Je poursuis la publication de la recherche d'une amie (voir les articles du 3 et du 6 juin)
On
le sait, le dialogue de théâtre contemporain opère souvent une
recherche sur la langue aux dépens d'une recherche sur le personnage
psychologique, et souvent accorde « un primat de l'oralité –
la parole vive, le dire pulsé par le rythme » 1
sur l'écriture narrative. La langue devient le projet d'écriture et
le personnage, « une créature de langue qui se compose plus
qu'il ne se construit »2
.
Aristote imaginait déjà, dans la
Poétique, que la tragédie puisse se passer d'une représentation en
mouvement et puisse exister, comme l'épopée, dans une lecture qui
en ferait ressortir toute la qualité de construction.
L'oralisation
des textes sollicite le spectateur intellectuellement et
émotionnellement, et dans un élargissement des sens. « Lorsqu'on
regarde un film muet, l'espace auditif ne connaît point de limites,
inversement, en situation d'écoute d'une pièce radiophonique,
l'horizon visuel ignore les frontières. »3
Parce
que la voix suggère plus qu'elle ne résout le texte, elle ouvre les
portes d'un théâtre mental.
« La
voix est par excellence « objet » de théâtralisation,
par son statut d'entre-deux. »4
« C'est
elle [la parole] qui garantit la présence de l'énigme, c'est-à-dire
que c'est elle qui insuffle au visible la forme de nouvelles
visibilités »5
« le
drame est tout entier dans l'esprit du spectateur qui fait surgir de
son imagination »6
ce que le texte parlé suggère.
Nous sommes ici très proches de
la formule initiée par Paul Claudel : « l'œil écoute »

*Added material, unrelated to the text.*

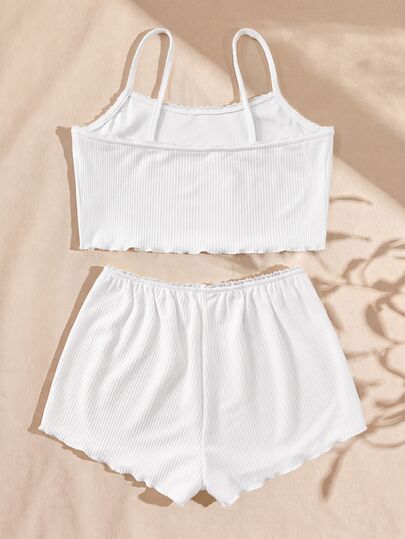 SHEIN Casual Underwear&Sleepwear Salladskantad Cami Top & Shorts Vitt Set Outfit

pour titre d'un de ses ouvrages d'esthétique ou du titre complet
«Les yeux bandés, l'œil écoute » qui recouvre les
différentes interprétations aveugles que met en place Fabrice
Melquiot.
Ce
qui est donné à l'écoute des spectateurs est moins le texte
lui-même que le fonctionnement de la langue et le style particulier
de l'écriture, son rythme, les blocs de mots, ce que Novarina
appelle « la chair des mots ». La voix nous fait entendre
tout ce qui est dit, mais elle nous fait entendre aussi tout ce qui
reste en suspens, tout ce que la parole ne nous livre pas, dans les
silences, les hésitations, les maladresses... Le Verbe se manifeste
par les paroles mais aussi par leur absence que le spectateur doit
suppléer.« [la parole solitaire] permet de mettre en abyme
l'acte théâtral, voire de représenter une abstraction de théâtre,
entre incarnation et désincarnation du verbe, à l'instar du
« théâtre pour les oreilles » décrit par Novarina, une
parole qui fonctionnerait seule, indépendamment du corps dont elle
émane. »7
Le
texte se révèle encore matériau, mais seul matériau, puisque tout
ce qui l'entourait a été supprimé. On assiste à la « monstration
du texte comme écriture, comme matériau ».8« Le
poème devient l'objet qui est là entre le l'acteur et le public et
il est montré sous plusieurs facettes en même temps. »9
1Jean-Pierre
RYNGAERT, Julie SIMON, Le personnage théâtral, décomposition,
recomposition,
Montreuil-sous-bois, Editions Théâtrales, p. 157
2Ibid
p.157
3Hans-Thies
LEHMANN, Le Théâtre postdramatique,
Paris, L'arche, 2002, p.240
4
Helga FINTER « Théâtre expérimental et sémiologie du
théâtre : la théâtralisation de la voix » in Théâtralité,
écriture et mise en scène,
sous la direction de Josette FERAL, Québec, Brèches, 1985, p. 146
5MJ
Mondzain (voir cahier 5)*********
6Charles
Van Lerberghe, programme des Flaireurs,
cité par Odette Aslan, L'acteur au XX ème siècle
ethique et technique,Vic la
Gardiole, L'entretemps, 2005, p. 117
7
Lydie
PARISSE«De Beckett, Tardieu Novarina au théâtre contemporain :la
parole solitaire » in
Le monologue au théâtre (1950-2000), la parole solitaire,
textes réunis par Florence Fix et Frédérique
Toudoire-Surlapierre, Dijon, Editions Universitaires de Dijon, 2006
, p. 191
8Christian
BIET, Christophe TRIAU, Qu'est-ce que le théâtre ?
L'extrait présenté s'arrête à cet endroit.